Herman Melville Quote

"It is impossible to talk or to write without apparently throwing oneself helplessly open."
~Herman Melville

Thursday, July 5, 2012

Musings: From Fireworks to Photographs to Facebook

        So yesterday was the fourth of July - and I did all the holiday-appropriate stuff like eating and sweating way too much, enjoying family and friends, and of course, fireworks!  During the display this year, I tried really hard to capture a firework in a picture, and it is much harder than it looks.  You have to push the button at the precise moment and I kept getting pictures of a milky, smoky sky and nothing more.  My boyfriend ended up taking some nice ones, but I wasted almost the whole show trying to get one good picture.
        That got me thinking about the fleeting moments in life that will never be captured, only remembered; and it also made me think of all the time that we all waste throughout our lives trying to wrangle our most precious moments with our cameras.  It made me a little sad to think about.  Some of my best memories are of days with friends and family that for some reason or another were never documented.  For me, and I'm sure for a lot of people if they really thought about it, these memories burn brighter than any photograph.  In this day and age, most people have cameras on them at all times; and this has enabled people to capture all kinds of images that otherwise would have been only stories.  I'm sure a lot of them are really good, but many and more of them would have been better as stories.  Isn't it fun to listen to a friend recount an experience - to see the scene through their eyes?  They say a picture is worth a thousand words, but sometimes its worth even more than a thousand, and sometimes the words are better.
        Is it just me, or does it seem to anyone else that we don't feel like something really happened, or that we weren't really there unless there is a picture or a video to share on Facebook?  It's like living in a weird state of hyper-reality or something - it's like, if I can't update my status and tell people that I'm on my way home from work, and have people I know "like" it and comment on it, then it's not really happening at all.  If you can't share it with your "friends" on Facebook, then it's like you're living in a vacuum where nothing you do or say matters in the least.  When did we begin to feel the need to have every thought and event in our lives confirmed by "likes" and kind words from people we don't like enough to actually hang out with in person?  Don't get me wrong, I love Facebook and spend a lot of time on it - and most of my "friends" are people I hang out with pretty regularly - but the fact that I frequent social media sites doesn't make what I'm saying any less true.  Think about it - how often do you actually talk to people on the phone these days?  I can't stand to.  But how often do you carry your phone around in your hand, waiting for the notifications from your favorite games, and of course the ubiquitous Facebook.
        Remember the days of no caller I.D., when people had huge, crappy cell phones, just for emergencies?  You know, the days when little kids played outside and there were still small surprises every day?  I miss those days sometimes.  I mean, I'm like everyone else, if I lost my iphone I would probably cry, but it just feels to me that we've lost some small things along the way.  And maybe when you think about it, they aren't so small - connections between people - the impressions we make on each other.  Think about it.  And also - the next time you find yourself doing something worth remembering, try just remembering it instead of spending the day with the camera between you and the fun - you'll be surprised at the little things you miss when you're trying to catch the "big" picture.

2 comments:

  1. All you need is a better camera that will do continuous flutter shots.

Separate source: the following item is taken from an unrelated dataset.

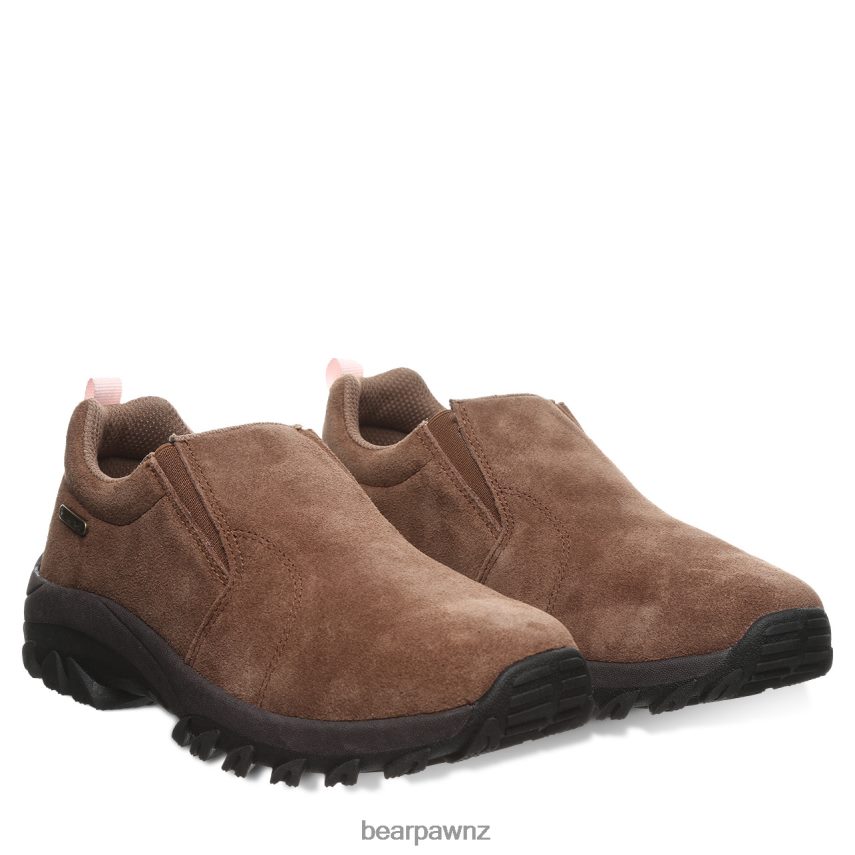 Shoes BEARPAW Max Cocoa Women 04LP2L326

You'll get the picture 10X faster, and still savor those special moments.

    On a more serious note. I completely agree with your thoughts. I've missed out on plenty of great moments, caught behind the lens. The crazy thing is, at the end of the picture taking, I'm usually absent in all pictures. As if I was never a part of the memory in the first place. Weird.

    I'll continue to collect memories through my lens. With one eye open to capture the memory.